Like gumbo and jazz before him, 22-year-old Benjamin Booker is the latest smoky compound fused from the sanctified streets of New Orleans to seduce our senses.
His is a sound that draws faithfully from the blues and raw soul that ebbs its way down the Mississippi, but like the river’s mighty undercurrent, it mercurially pulls and bends, dragging in grungy remnants of White Stripes-like turbulence. Indeed, this self-titled debut is largely the work of a duo (Booker and drummer Max Norton), yet defies their limits with its droning, thunderous enormity.

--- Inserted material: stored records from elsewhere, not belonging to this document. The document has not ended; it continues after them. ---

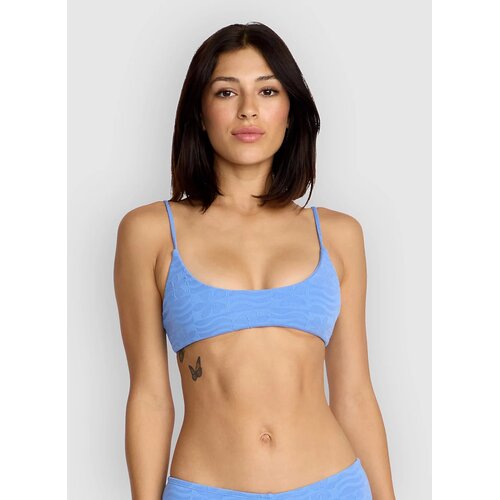 Volcom Coco Crop Bikini Top light blue acid Cijene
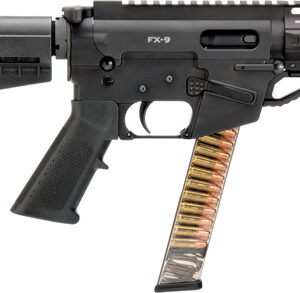 FREEDOM ORDNANCE FX9 PISTOL - 9MM 4.5" 31RD M-LOK BRACE
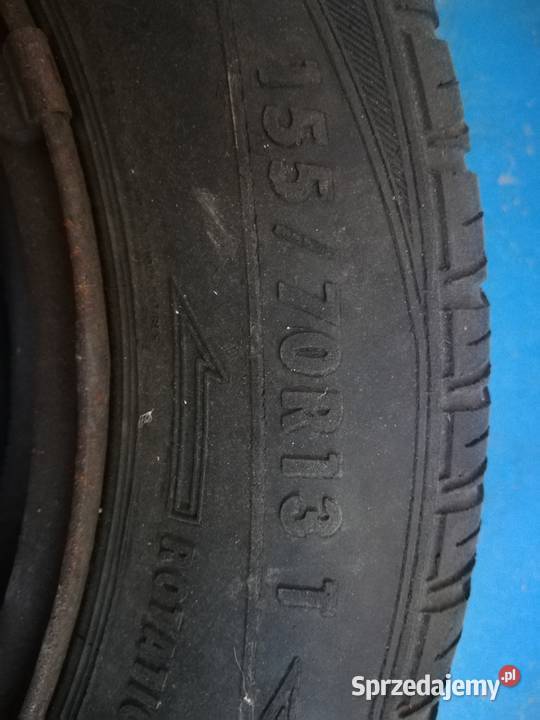 Koło 15570R13 Renault Clio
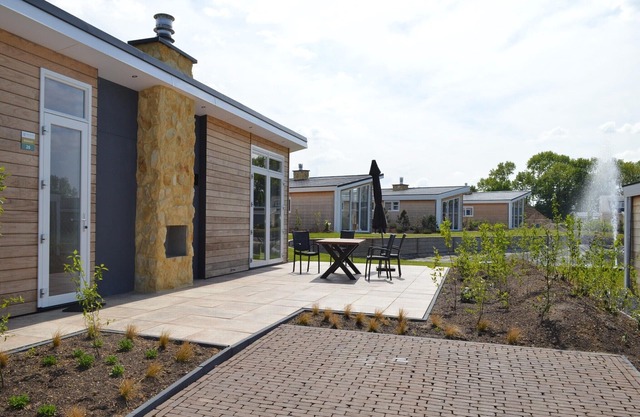 Holiday Home in Limburg with Outdoor Fireplace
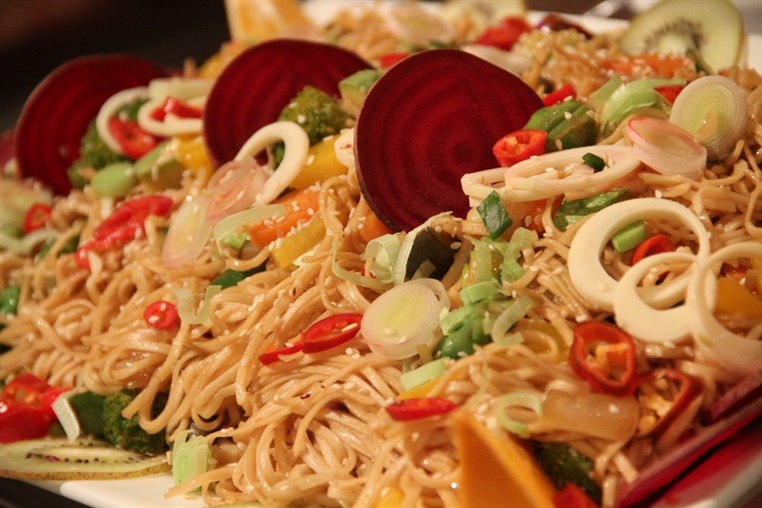 Sushi Night at Wok Wok 
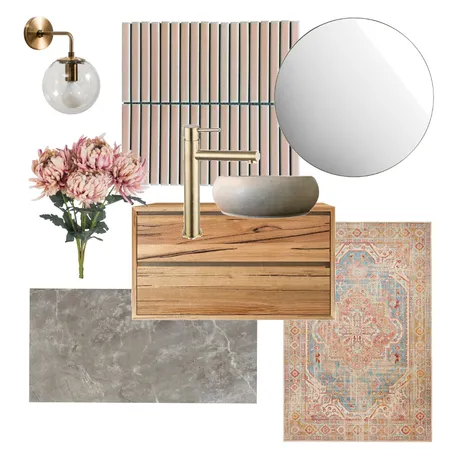 Bathroom concept 2 Interior Design Mood Board by Mlamerton on Style Sourcebook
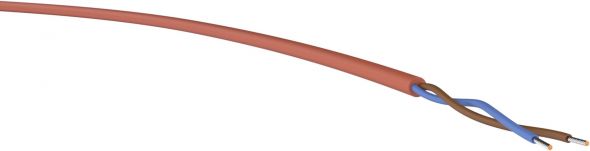SIHF-OB 2X0,75mm² Ring 50m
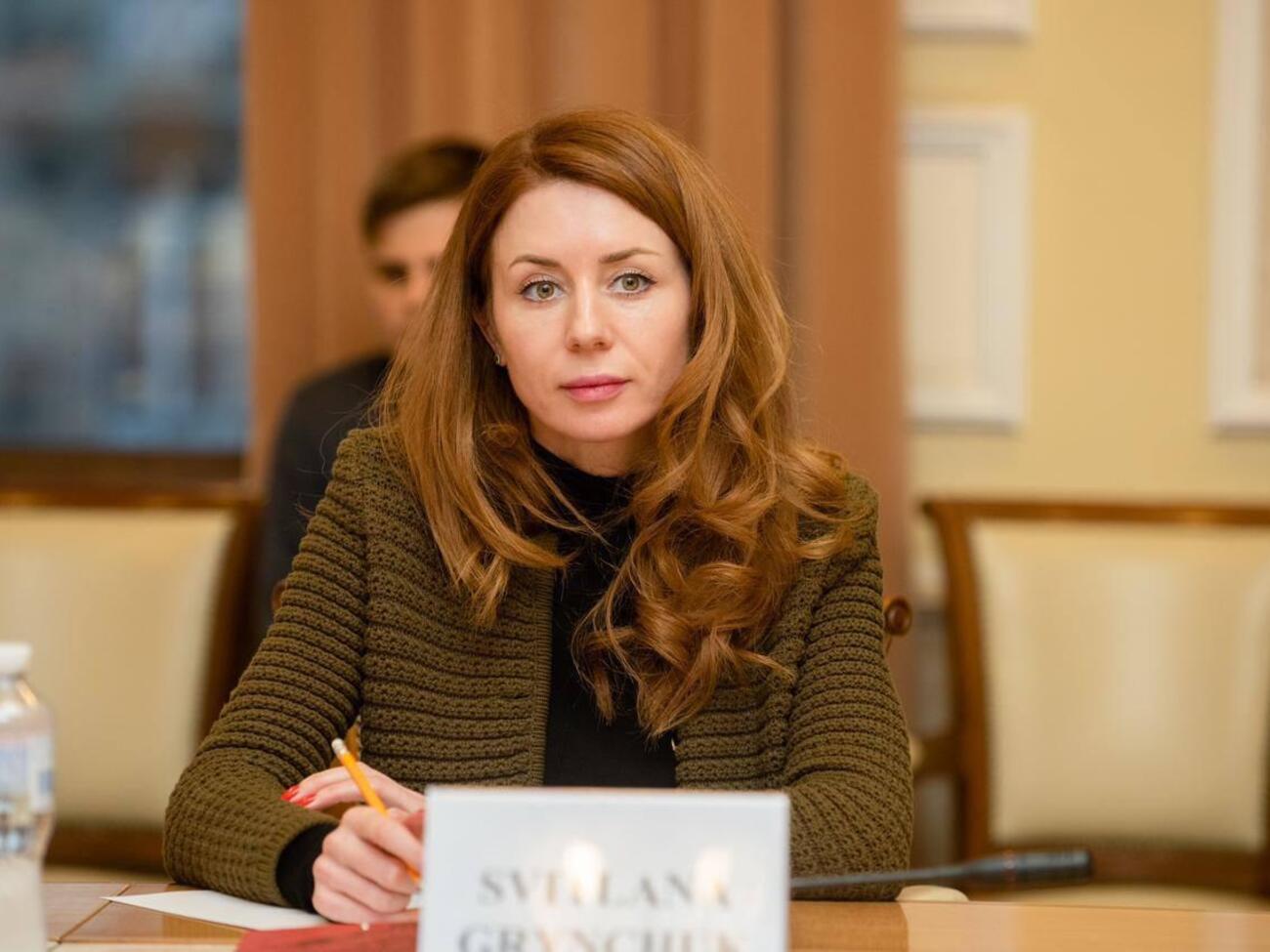 Гринчук рассказала о ситуации на двух ТЭС, которые пострадали от атак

Booker’s rugged voice blazes through the scorched landscape, howling in like a storm in pounding opener ‘Violent Shiver’ and through the Strokes-like ‘Always Waiting’. Equally riotous, ‘Wicked Waters’ evokes early Kings Of Leon, while ‘Kids Never Growing Older’ is a deafening waltz – “You ask me, do I forgive you?” he sings, his responding riffs, harsh and crashing, suggest not.
In the more restrained moments, Booker is still barbed. The gentle organ that lies underneath ‘Slow Coming’ soothes his bleak admissions: “To tell you the truth,” he laments, “I ain’t been sleeping too well.” ‘I Thought I Heard You Screaming’, meanwhile, counters the protagonist’s noise with Booker’s hushed tones, tumbling breathlessly out over delicate finger-picked guitar, cracking with emotion at times.
The dynamics are unpredictable and intriguing; his tortured soul laid bare expresses the frustration and confusion he’s surely wrestled with, and hopefully learning to overcome. An electrifying introduction to the future of the blues.